Mr Ahern was responding to questions on the issue in the Dáil from Labour Party leader Pat Rabbitte.
Under existing law, phone companies are obliged to maintain details of every call made and text message sent for three years. Under the 2005 Criminal Justice (Terrorist Offences) Act, gardaí can access these records with the permission of a chief superintendent, but are supposed to do so only when investigating terrorism or serious crime. The Army can also avail of the act to access records.
Mr Rabbitte expressed disquiet about the fact that the gardaí made 10,000 such requests last year. He said Tanaiste Michael McDowell had informed the Dáil when introducing the legislation that it would be strictly controlled and limited to the investigation of serious crime.
“Many law-abiding citizens will be taken aback to hear that on 10,000 occasions it was necessary to invoke the act in order to combat serious crime and suspected terrorist offences.”
Mr Rabbitte said people would be surprised to realise the Army was accessing such records. He cited remarks by the Deputy Data Protection Commissioner Gary Davis who warned that innocent people were having their private records pored over.
Mr Ahern said he had recently received a report from the High Court judge appointed to keep the operation of the relevant law under review. “In his most recent report to me, the designated judge stated that he is satisfied the provisions of the legislation are being maintained and the provisions of the 2005 Act are not being used for routine garda inquiries and investigations.

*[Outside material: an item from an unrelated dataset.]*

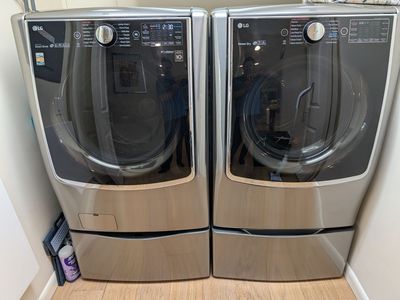 LG Washer Dryer Set Front Load Smart Wi-Fi Enabled w/ Pedestal and Pedestal Washer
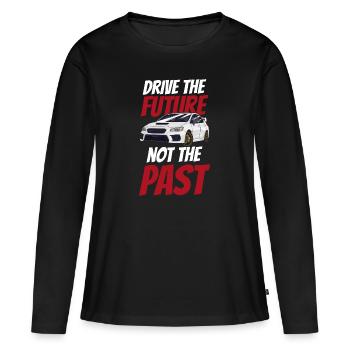 E-Auto Leise Klima - Frauen Premium Bio Langarmshirt - Schwarz - Vorne - Julia (174cm)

“Deputy Rabbitte asked if I think the numbers sound high and I do, but I am assured in the report that the proper procedures and requirements are scrupulously observed. I do not have the figures for the number of requests made by the Army, but I assume those numbers were higher in the past for obvious reasons.”
It’s understood Mr Ahern was referring to the fact that the Army would have conducted more surveillance to counter subversive activity during the Troubles.